An Efficient Artificial Intelligence Based Technique in Diseases Staging and Forecasting
Subject Areas : B. Computer Systems OrganizationNegar Ahmadi 1 , Alfredo Milani 2
1 - Department of Mathematics and Computer Science, University of Perugia, Perugia, Italy
2 - Department of Mathematics and Computer Science, University of Perugia, Perugia, Italy
Keywords: Breast cancer, Disease Forecasting, artificial intelligence, Computational Biology, Myocardial infarction, Framingham Study,
Abstract :
Artificial Intelligence (AI) techniques offer powerful objective algorithms for analysis of multimodal and high-dimensional data. Recently, these techniques have become a reliable tool in the medical domain. This paper describes an efficient technique for building an application that is capable of forecasting and classifying healthcare information using machine learning as a subfield of AI methods. The algorithm predicts a label for each sample.

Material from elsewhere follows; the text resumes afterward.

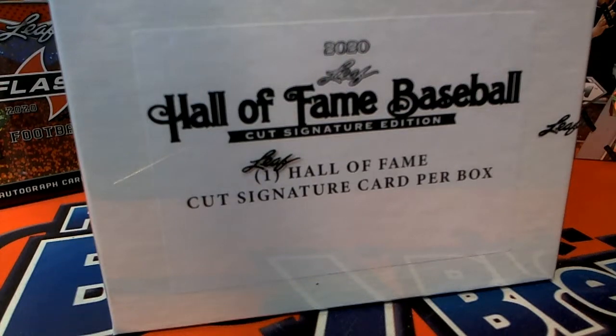All right, we got 20. This is a 2020 Leaf Hall of Fame baseball cut signatures for Joe R. Joe bought all the spots here in 115, so good luck, Joe. Let's see what you got.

The sample is a single set of feature data and the label is what category the sample falls into. The algorithm takes many of these samples as the training set, builds an internal model and finally predicts the labels of other samples, called the testing set. We apply this methodology to the breast cancer staging and also to forecast the myocardial infarction and examine the risk assessment using fuzzy clustering and Framingham heart study. The results show that the proposed technique obtains credible outputs that could be integrated in an application to be used in the health care field.